> [Work instructions]: Where an entry contains a picture, omit the picture and repeat the rest exactly.

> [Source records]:
_ _ _ _ _

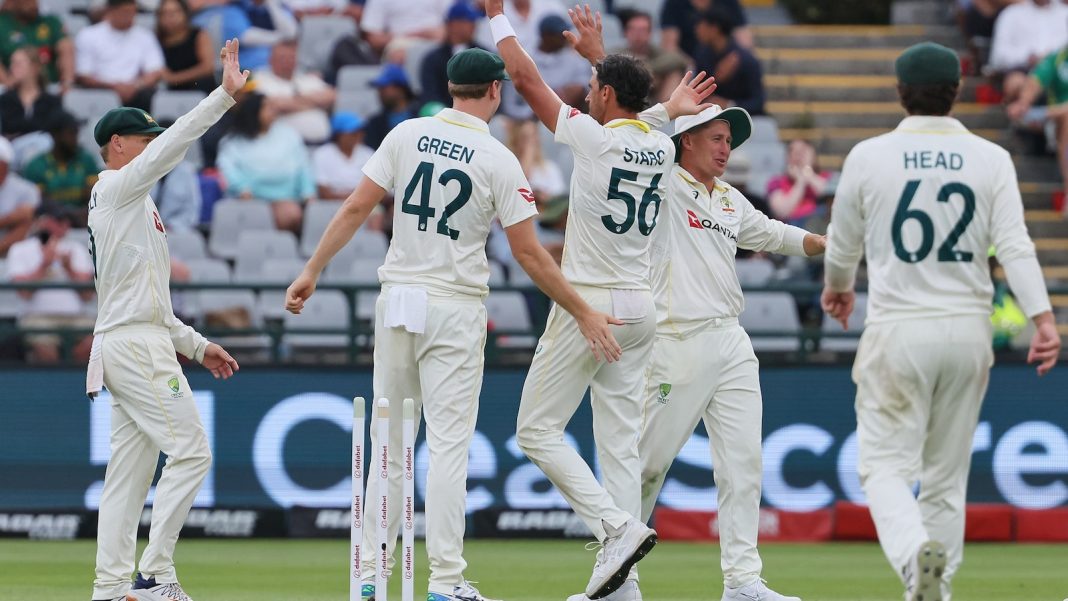 Ashes, India series result in record revenue, net surplus for Cricket Australia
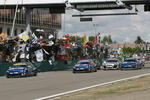 Volkswagen Scirocco GT24 takes 1st and 2nd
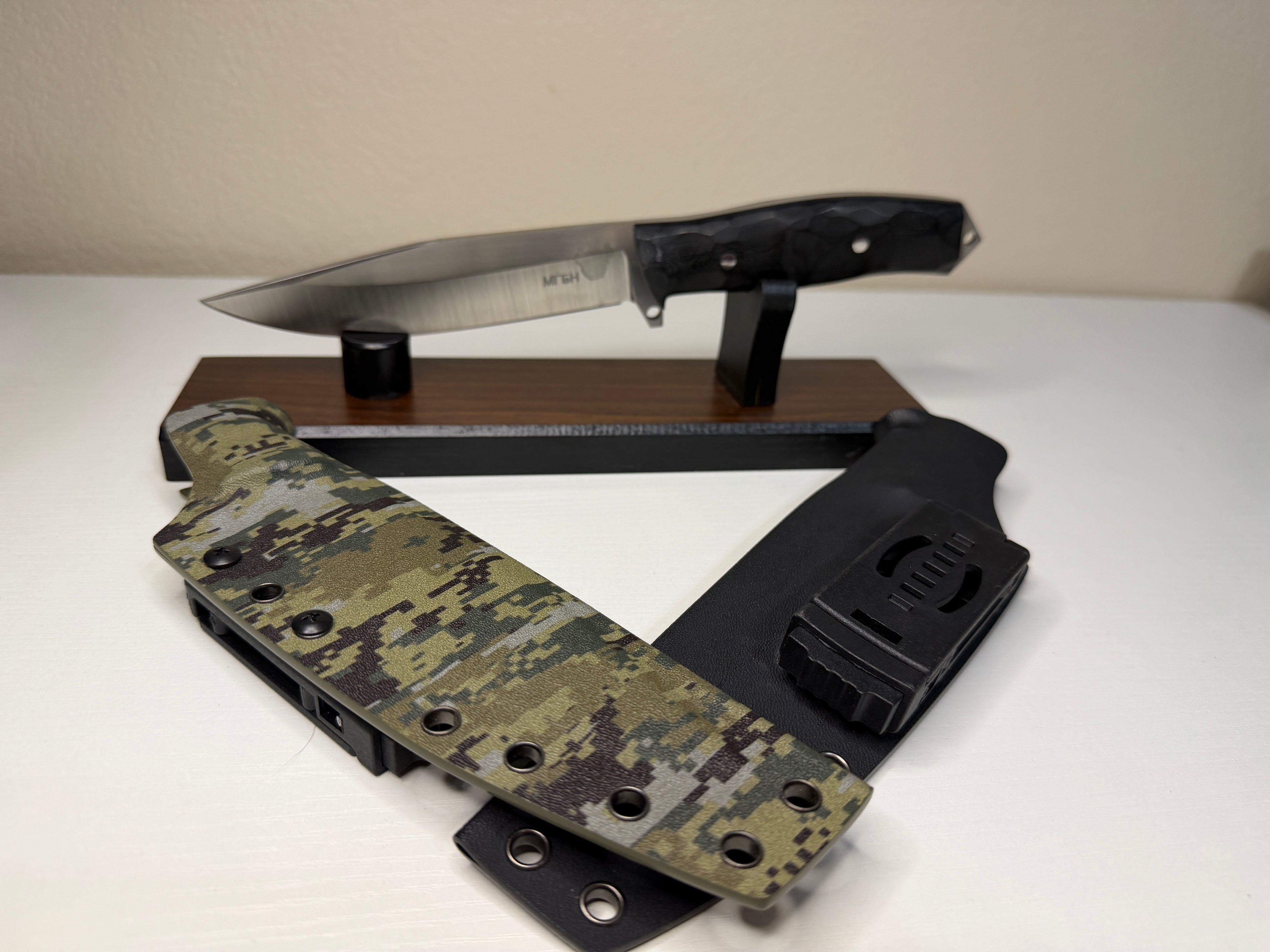 Palman - G10 Kydex
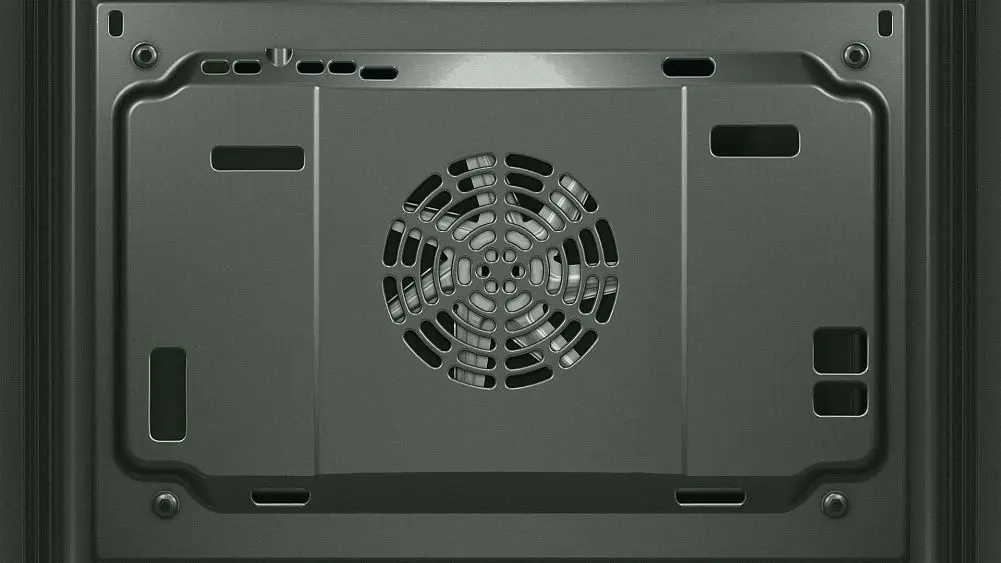 Встраиваемый электрический духовой шкаф Bosch HBA 63B258F — фото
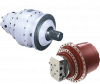 Planetary gear motors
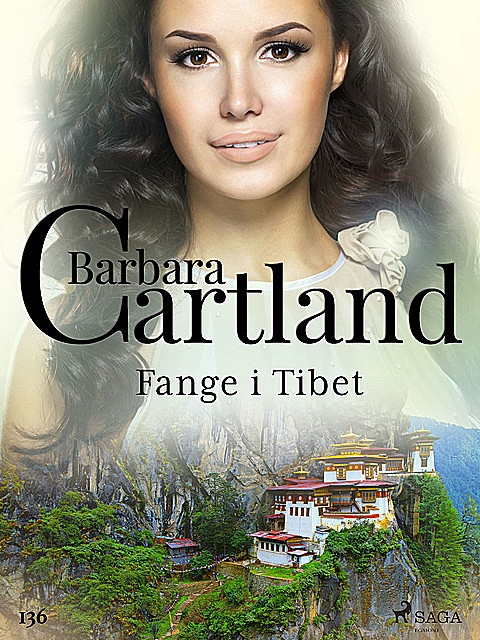 Fange i Tibet, Barbara Cartland
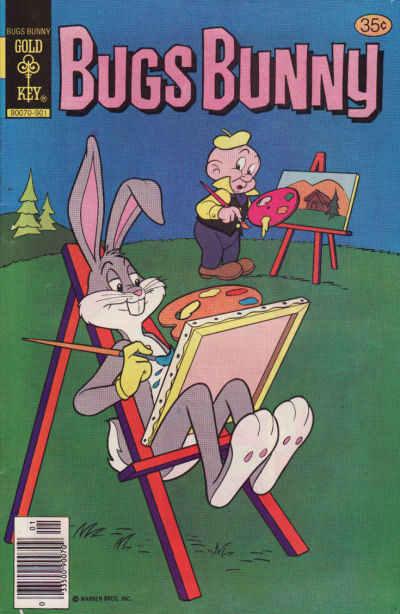 Bugs Bunny #204 (1979)
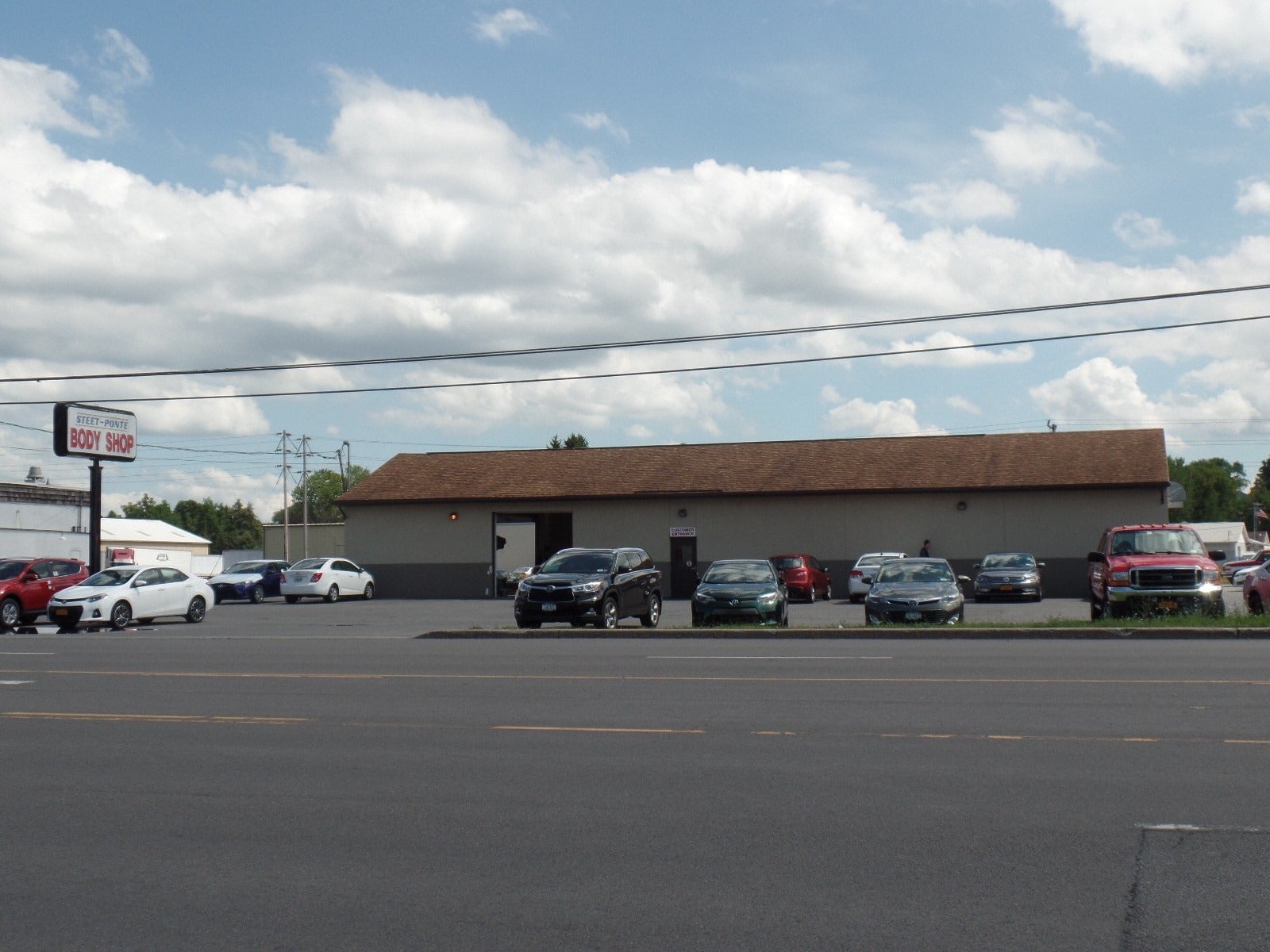 Steet Toyota of Yorkville in Yorkville NY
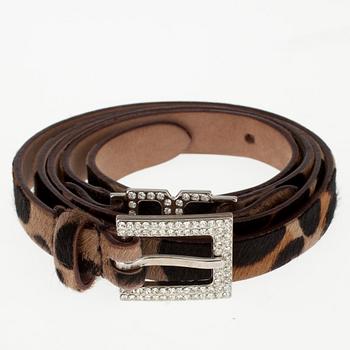 BÄLTE, Dolce & Gabbana.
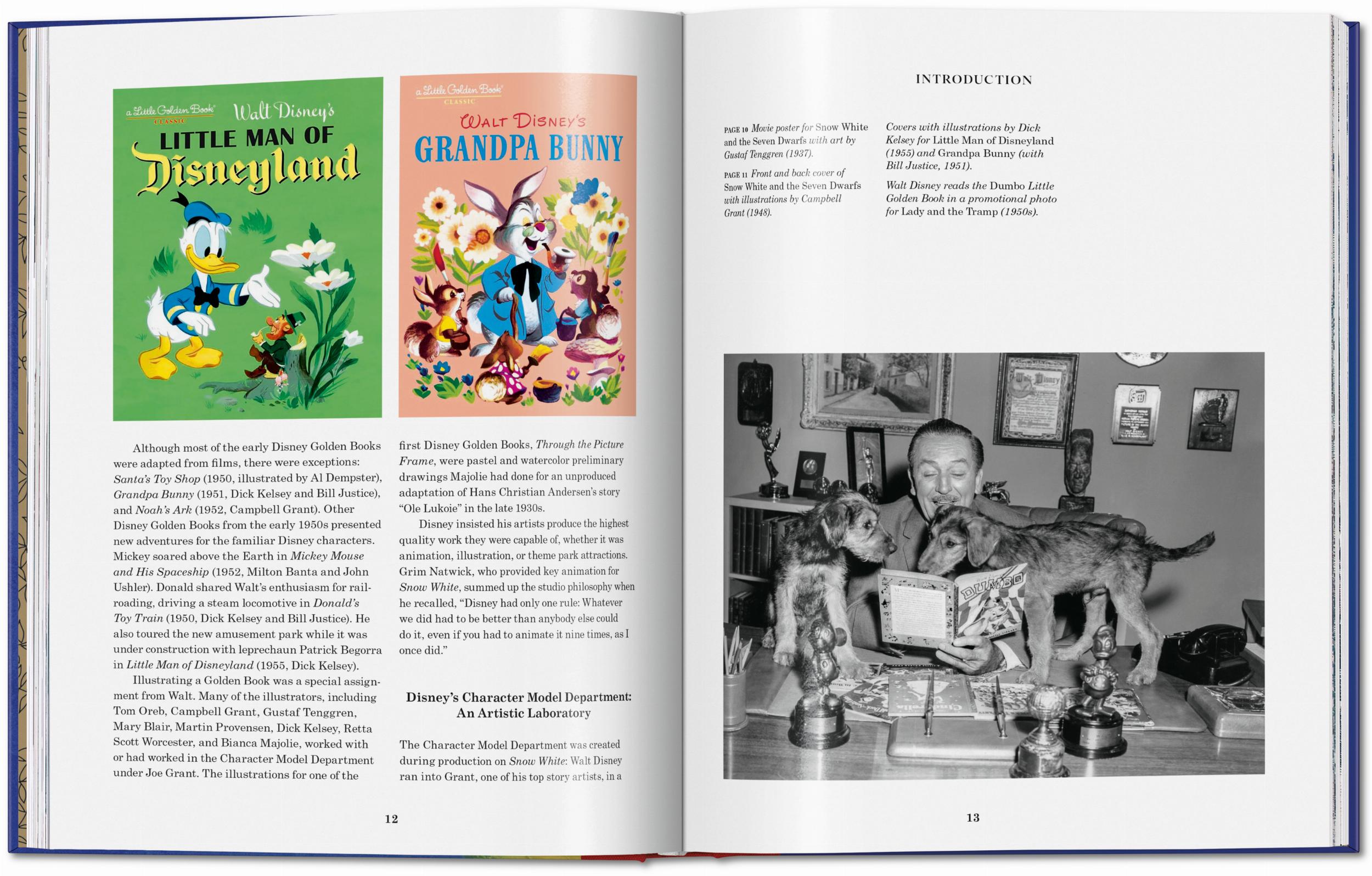 Walt Disney’s Children’s Classics 1937–1953 (English)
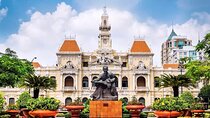 Sai Gon City Full Day Tour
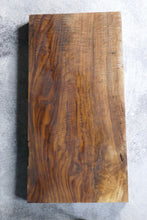 Load image into Gallery viewer, Figured claro walnut billet 12&quot; x 23&quot; x 7/4&quot; [WB-1]
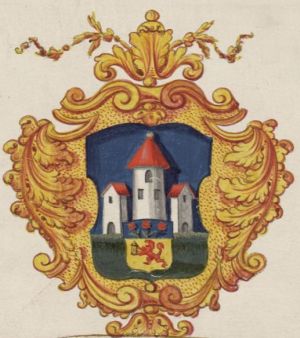 Wappen von Hessisch Lichtenau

_ _ _ _ _

> [Completed exercise]:
 Ashes, India series result in record revenue, net surplus for Cricket Australia
 Volkswagen Scirocco GT24 takes 1st and 2nd
 Palman - G10 Kydex
 Встраиваемый электрический духовой шкаф Bosch HBA 63B258F — фото
 Planetary gear motors
 Fange i Tibet, Barbara Cartland
 Bugs Bunny #204 (1979)
 Steet Toyota of Yorkville in Yorkville NY
 BÄLTE, Dolce & Gabbana.
 Walt Disney’s Children’s Classics 1937–1953 (English)
 Sai Gon City Full Day Tour
 Load image into Gallery viewer, Figured claro walnut billet 12&quot; x 23&quot; x 7/4&quot; [WB-1]
 Wappen von Hessisch Lichtenau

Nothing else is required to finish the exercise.